We have tested a different option and found that two huge chinese MnZn cores (search for "Cores Green 75mm x 39mm x 13mm") stacked on top of each other and afterwards wound in a similar fashion (not in the number of turns, but in terms of covering the core with windings, style of twisted wire and connection) to the Bode 100 transformer gives the attatched result. Seems like a lot of wideband transformer for about 10€ for the cores.

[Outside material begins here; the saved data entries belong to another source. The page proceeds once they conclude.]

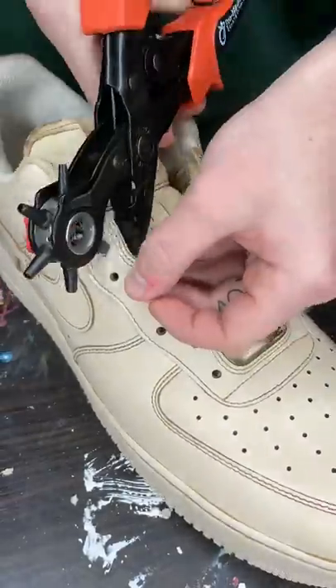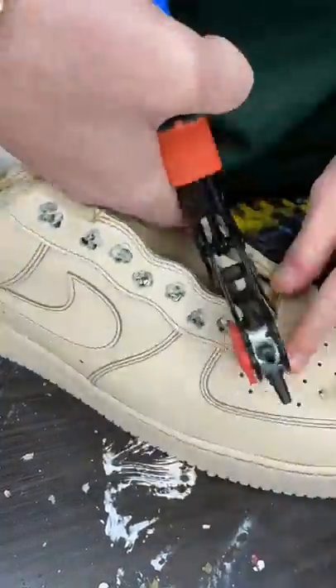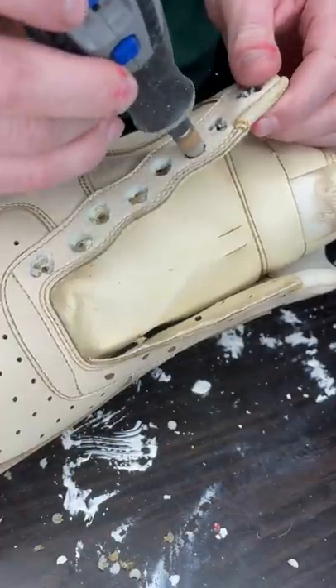That's because these are one of the shoes I'm making for an NBA player. With these being a size 17, I had to get a rope way larger than usual, and to fit that bigger rope I have to use the hole puncher instead of my screwdriver, which is way harder.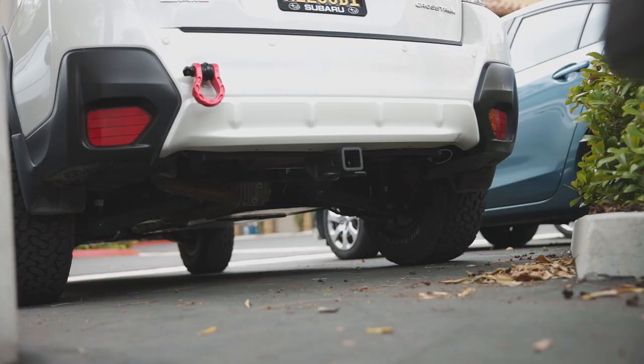Hey, what's going on you guys, welcome back to the channel. Today I want to let you guys hear the sound from the Borla exhaust — this is just the axle back. I really want to let you guys hear the sound because this is something I was interested in when I wanted to buy the exhaust. So here's the cold start.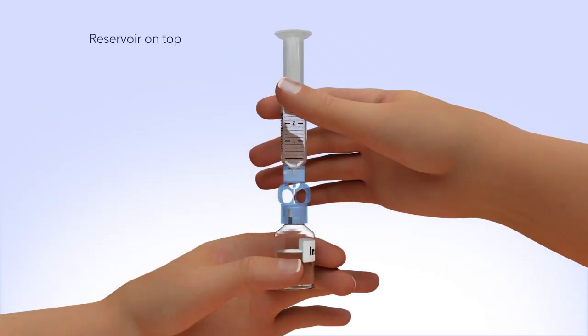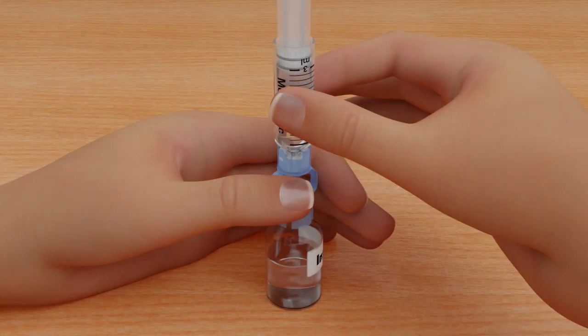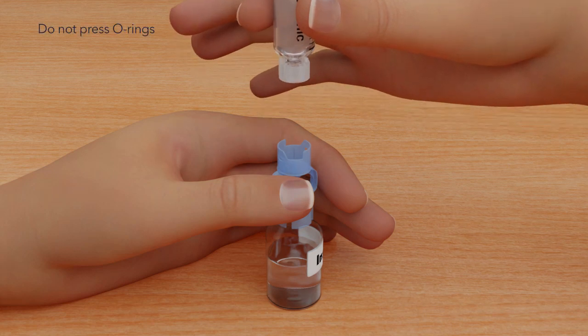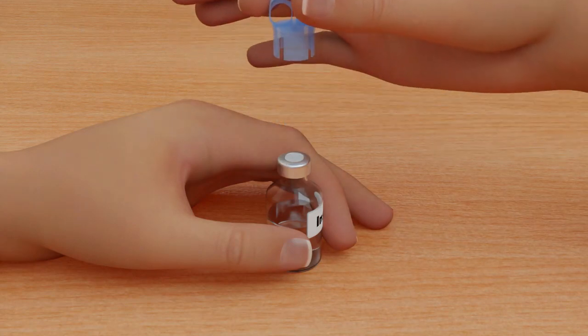To avoid getting liquid on the top of the reservoir, flip the vial over so it is upright. With the vial down on the table, hold the transfer guard with one hand. With your other hand, turn the reservoir counterclockwise and then pull straight up to remove it from the transfer guard. Be careful not to press on the o-rings. Disconnect the transfer guard from the vial and dispose of it properly.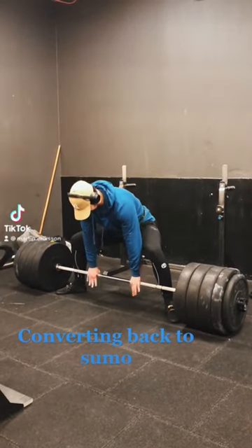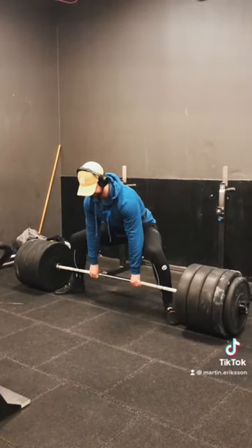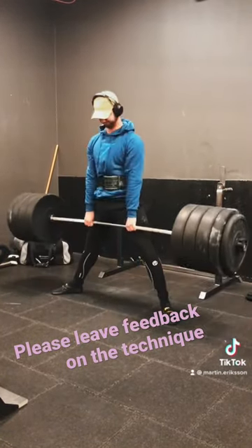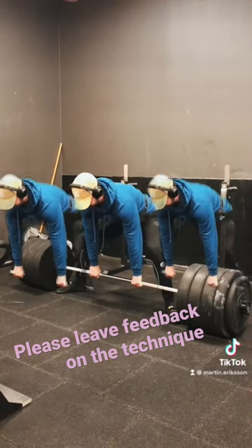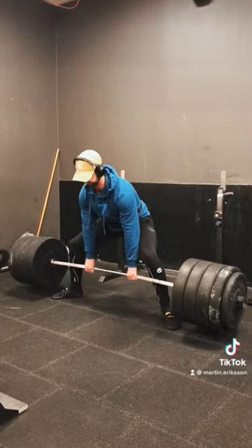Converting back to sumo deadlifts. I'm switching back to sumo deadlifts but I have some challenges with lower body mobility, specifically getting my knees out and my hips closer to the bar. Feel free to give any advice or feedback on how I might improve on that. I'll see you all in the next one, cheers.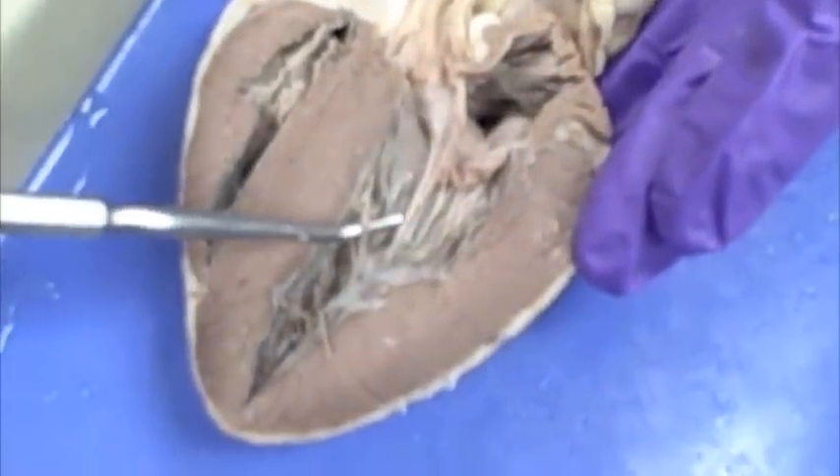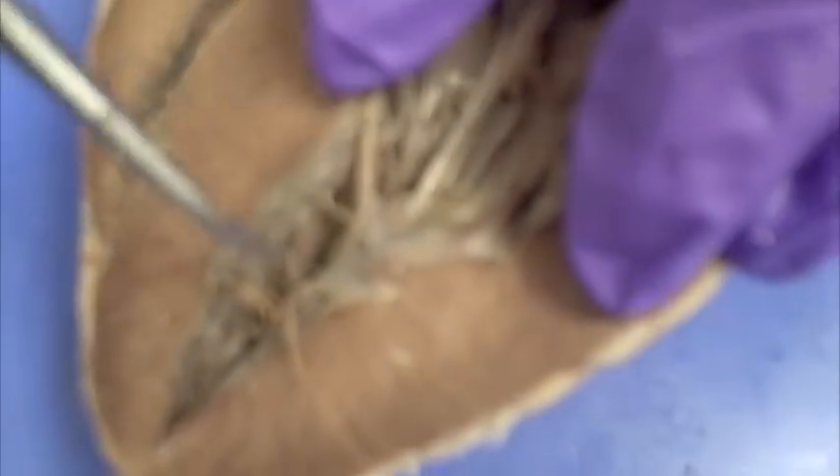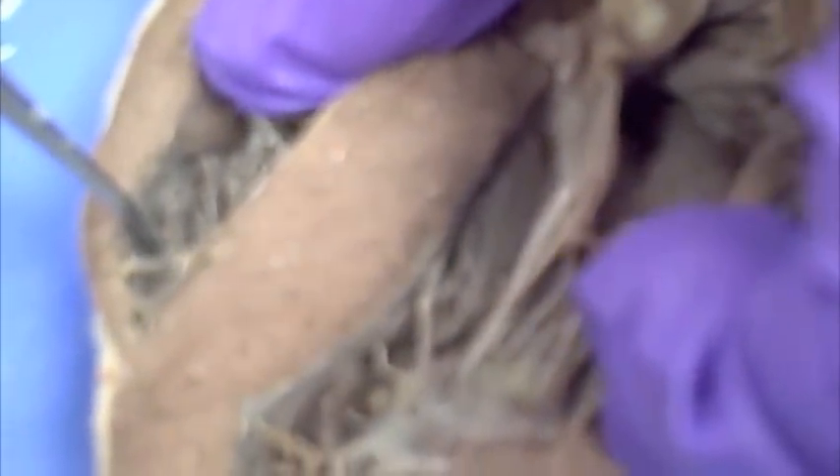You have to know the names chordae tendineae and papillary muscle. You have to know that the tip end down here is the apex of the heart. The ridges in the ventricles — you may not need to know this, but the ventricles have these ridges and they're called trabeculae carneae.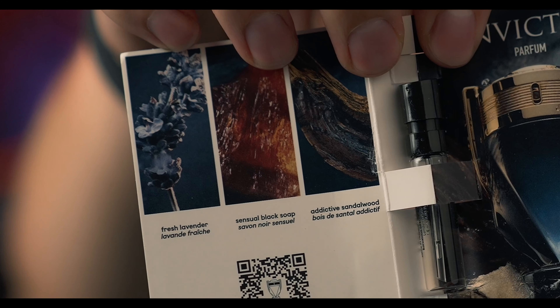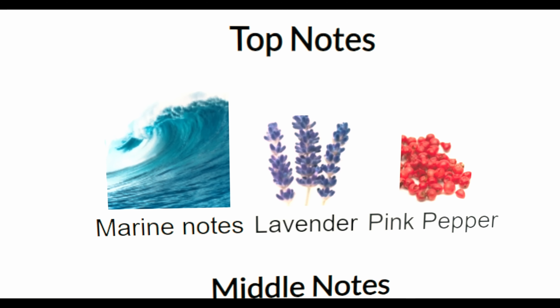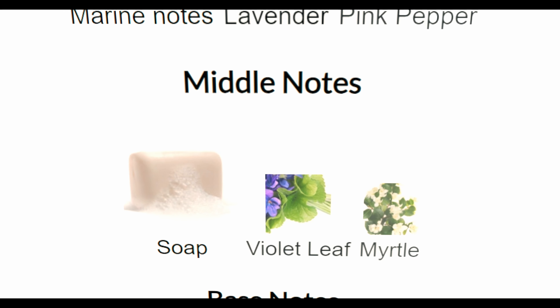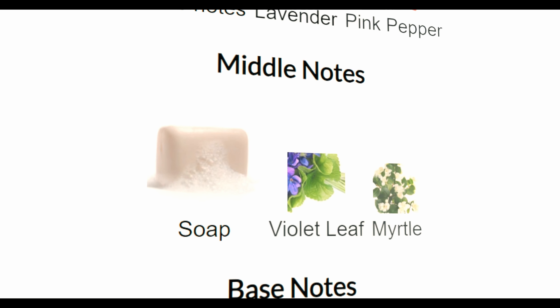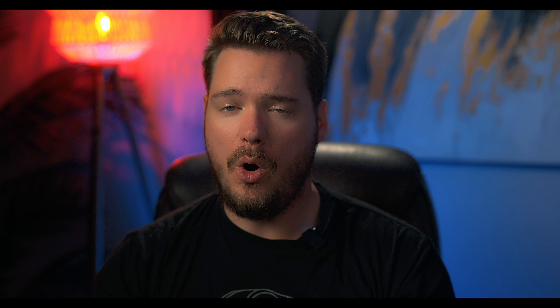On the little card here, it says it has lavender, some black soap, and then some addictive sandalwood. And the notes on Fragrantica say marine notes, lavender, and pink pepper at the top. In the mid, you have soap, violet leaf, and myrtle. And in the base, you have cashmere, musk, and addictive sandalwood.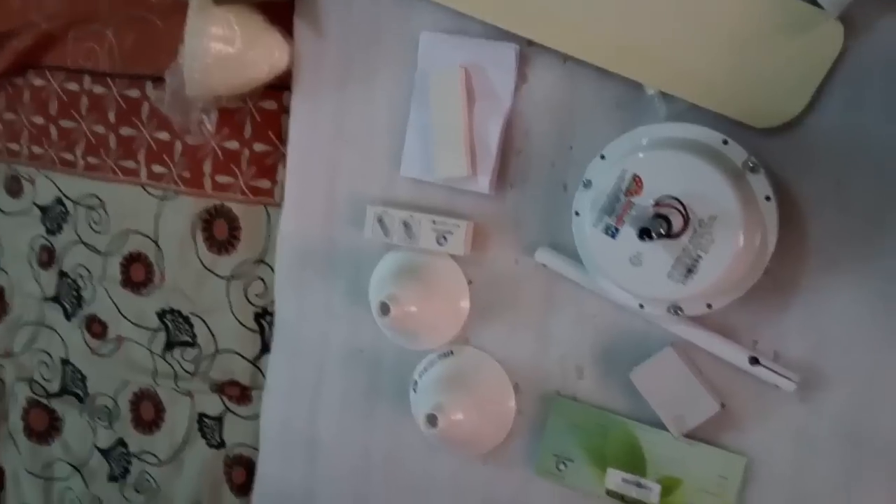What I ordered was an orange color, but unfortunately they didn't have that. They checked with me and finally sent me a blue color fan. Let's see what we got in the package. Here are the screws and remotes, and the main motor unit. This is slightly heavier than the Gorilla fan.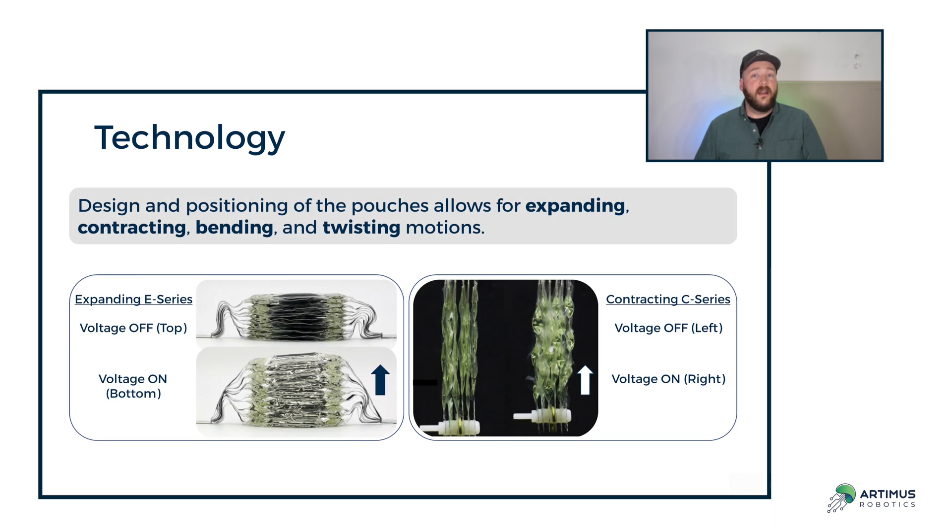Depending on how we design our actuators, we can enable this to be a contracting motion, an expanding motion, or many other unique motion platforms. Because we're electrically controlled, we can have high control over these different motions. Here's just a few examples of the different motions we're able to enable with this technology, including contracting, expanding, bending, and twisting.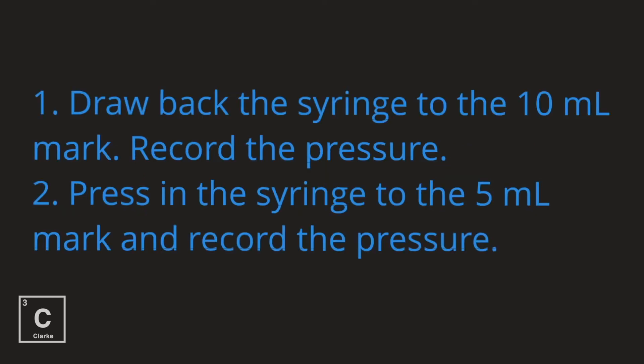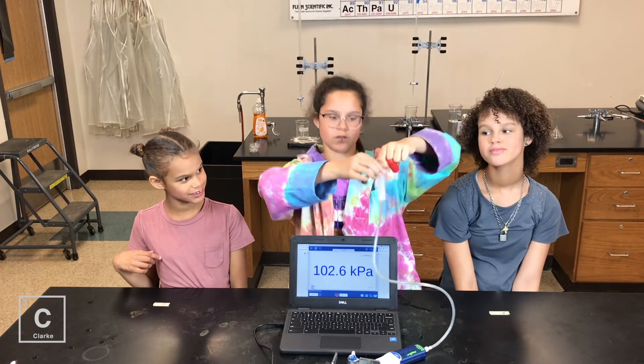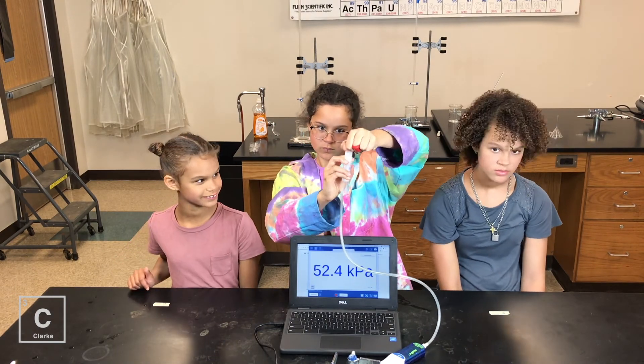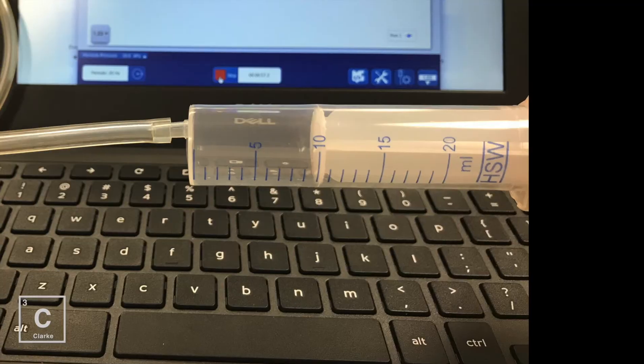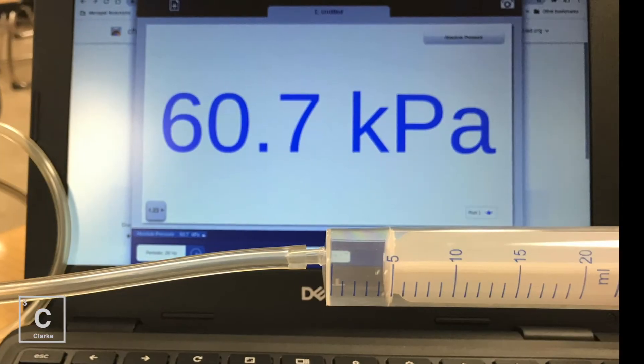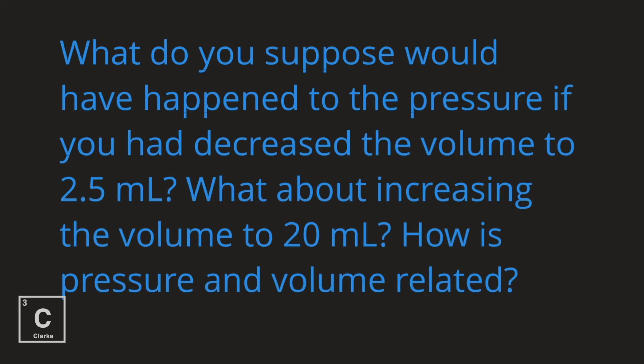Draw back the syringe to the 10 mL mark and record the pressure. Press the syringe to the 5 mL mark and record the pressure. What do you suppose would happen to the pressure if you decreased the volume? What about increasing the volume to 20 mL? How is pressure and volume related?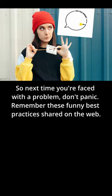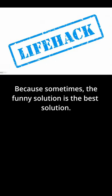So next time you're faced with a problem, don't panic. Remember these funny best practices shared on the web, because sometimes the funny solution is the best solution.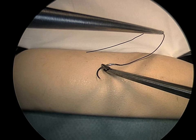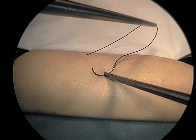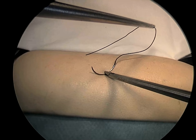Demonstrated here is a self-righting technique. Note the lower instrument blade pressing downward into the soft tissue, creating a curved hollow into which the needle rights itself under the downward grasp of the upper blade.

The much increased volume of core material might also help with saturation?

Hi,

Can you post a schematic showing how this transformer was measured?

If I calculate the inductance:

for one core:

Area = Thickness x (D - d)/2

Where
D= outside diameter = 75mm
 
d= inside diameter = 39mm

Thickness = 13mm

Area = 13 x (75-39) /2 = 234E-6 m2

Mean magnetic Path length

Pi x (D + d)/2 = PI x (75 +39) /2 = 180E-3

Assume that this core is a power grade of ferrite with a relative permeability of 2000.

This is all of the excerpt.